▸ Material for this task
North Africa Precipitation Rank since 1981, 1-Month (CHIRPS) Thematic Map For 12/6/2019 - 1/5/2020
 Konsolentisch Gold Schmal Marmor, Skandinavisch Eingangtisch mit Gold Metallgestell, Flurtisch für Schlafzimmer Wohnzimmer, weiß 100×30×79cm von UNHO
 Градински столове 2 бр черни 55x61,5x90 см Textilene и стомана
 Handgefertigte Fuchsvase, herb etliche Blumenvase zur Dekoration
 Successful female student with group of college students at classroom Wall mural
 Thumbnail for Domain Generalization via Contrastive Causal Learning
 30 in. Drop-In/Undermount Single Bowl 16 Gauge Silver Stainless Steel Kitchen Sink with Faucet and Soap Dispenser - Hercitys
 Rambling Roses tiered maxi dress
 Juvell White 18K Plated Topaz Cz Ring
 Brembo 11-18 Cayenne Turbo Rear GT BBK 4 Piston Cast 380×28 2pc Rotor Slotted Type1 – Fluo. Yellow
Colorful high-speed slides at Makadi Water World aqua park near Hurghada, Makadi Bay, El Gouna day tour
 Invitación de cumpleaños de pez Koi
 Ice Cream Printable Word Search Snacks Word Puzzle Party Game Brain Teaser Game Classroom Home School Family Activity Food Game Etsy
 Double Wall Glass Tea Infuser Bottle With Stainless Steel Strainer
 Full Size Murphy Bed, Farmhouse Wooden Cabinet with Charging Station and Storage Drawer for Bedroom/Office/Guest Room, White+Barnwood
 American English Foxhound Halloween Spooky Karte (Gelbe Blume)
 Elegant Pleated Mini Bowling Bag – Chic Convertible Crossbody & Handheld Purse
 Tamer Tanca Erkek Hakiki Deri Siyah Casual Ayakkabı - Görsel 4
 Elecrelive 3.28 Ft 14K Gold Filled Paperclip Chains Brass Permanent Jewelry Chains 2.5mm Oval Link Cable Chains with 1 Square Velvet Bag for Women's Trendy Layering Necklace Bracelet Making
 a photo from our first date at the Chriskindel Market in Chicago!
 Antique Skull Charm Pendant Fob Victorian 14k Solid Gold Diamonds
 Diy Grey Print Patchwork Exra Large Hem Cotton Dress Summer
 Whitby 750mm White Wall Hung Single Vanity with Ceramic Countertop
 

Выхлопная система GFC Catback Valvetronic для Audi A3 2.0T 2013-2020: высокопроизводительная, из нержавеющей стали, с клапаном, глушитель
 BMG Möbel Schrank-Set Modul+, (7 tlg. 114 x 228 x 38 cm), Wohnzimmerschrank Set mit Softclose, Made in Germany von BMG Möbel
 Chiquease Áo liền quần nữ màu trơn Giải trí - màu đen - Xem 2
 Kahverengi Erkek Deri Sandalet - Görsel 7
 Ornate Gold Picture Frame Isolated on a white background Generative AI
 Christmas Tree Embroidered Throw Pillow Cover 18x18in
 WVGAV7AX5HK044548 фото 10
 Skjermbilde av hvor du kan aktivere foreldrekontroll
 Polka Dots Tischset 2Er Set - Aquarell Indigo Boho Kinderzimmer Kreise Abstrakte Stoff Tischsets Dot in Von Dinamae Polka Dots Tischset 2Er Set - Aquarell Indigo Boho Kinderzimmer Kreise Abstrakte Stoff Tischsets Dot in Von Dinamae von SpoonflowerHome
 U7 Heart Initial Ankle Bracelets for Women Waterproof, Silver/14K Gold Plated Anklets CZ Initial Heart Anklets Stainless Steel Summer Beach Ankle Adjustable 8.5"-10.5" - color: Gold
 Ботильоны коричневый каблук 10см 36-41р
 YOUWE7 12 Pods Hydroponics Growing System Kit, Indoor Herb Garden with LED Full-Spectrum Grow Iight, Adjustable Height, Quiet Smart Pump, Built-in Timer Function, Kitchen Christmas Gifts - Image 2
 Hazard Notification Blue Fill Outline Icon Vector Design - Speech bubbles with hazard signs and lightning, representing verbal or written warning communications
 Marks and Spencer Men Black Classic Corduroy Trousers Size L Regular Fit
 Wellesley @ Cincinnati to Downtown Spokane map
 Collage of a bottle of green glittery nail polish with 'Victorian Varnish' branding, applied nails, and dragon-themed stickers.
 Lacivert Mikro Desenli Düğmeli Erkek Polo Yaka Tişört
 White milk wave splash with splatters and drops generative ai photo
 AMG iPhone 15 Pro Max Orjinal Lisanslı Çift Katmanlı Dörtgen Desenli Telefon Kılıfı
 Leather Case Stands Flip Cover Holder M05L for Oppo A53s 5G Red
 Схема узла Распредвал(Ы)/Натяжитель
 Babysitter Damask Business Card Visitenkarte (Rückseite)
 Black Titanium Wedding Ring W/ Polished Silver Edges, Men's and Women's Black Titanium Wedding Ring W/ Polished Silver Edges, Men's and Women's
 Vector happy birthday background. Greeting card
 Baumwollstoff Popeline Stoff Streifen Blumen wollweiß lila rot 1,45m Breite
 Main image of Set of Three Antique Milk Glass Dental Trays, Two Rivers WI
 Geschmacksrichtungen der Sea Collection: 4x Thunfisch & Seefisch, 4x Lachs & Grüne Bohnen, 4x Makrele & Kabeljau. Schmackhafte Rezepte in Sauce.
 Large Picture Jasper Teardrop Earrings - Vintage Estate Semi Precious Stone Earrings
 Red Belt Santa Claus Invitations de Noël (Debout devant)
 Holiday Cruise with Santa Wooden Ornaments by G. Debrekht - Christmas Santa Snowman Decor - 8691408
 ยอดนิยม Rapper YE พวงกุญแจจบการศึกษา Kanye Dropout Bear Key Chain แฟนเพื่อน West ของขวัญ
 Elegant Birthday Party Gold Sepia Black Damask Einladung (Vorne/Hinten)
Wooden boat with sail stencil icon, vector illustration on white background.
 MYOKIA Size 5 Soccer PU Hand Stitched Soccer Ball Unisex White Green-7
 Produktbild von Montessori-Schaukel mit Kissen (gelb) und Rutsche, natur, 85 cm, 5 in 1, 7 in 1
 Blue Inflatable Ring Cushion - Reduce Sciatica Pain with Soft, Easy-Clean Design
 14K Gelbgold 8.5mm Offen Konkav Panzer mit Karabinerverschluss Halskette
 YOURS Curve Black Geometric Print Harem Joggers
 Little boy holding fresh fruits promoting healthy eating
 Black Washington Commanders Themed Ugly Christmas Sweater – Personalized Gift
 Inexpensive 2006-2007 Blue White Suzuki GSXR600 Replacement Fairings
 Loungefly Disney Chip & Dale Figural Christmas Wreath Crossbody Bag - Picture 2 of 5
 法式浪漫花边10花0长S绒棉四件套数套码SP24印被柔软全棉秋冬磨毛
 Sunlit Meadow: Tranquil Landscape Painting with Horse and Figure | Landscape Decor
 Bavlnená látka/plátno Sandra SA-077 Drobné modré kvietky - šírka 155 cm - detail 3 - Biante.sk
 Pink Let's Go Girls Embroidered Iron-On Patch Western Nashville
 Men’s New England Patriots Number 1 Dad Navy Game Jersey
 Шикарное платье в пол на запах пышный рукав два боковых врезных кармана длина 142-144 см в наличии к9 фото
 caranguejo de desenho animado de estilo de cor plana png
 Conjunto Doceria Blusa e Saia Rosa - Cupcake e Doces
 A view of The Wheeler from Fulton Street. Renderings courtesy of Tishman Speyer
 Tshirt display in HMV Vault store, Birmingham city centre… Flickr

▸ Brief
The string "Steel" appears on some lines of the data above; report how many such lines there are, as a bare number.

▸ Output for this exercise
3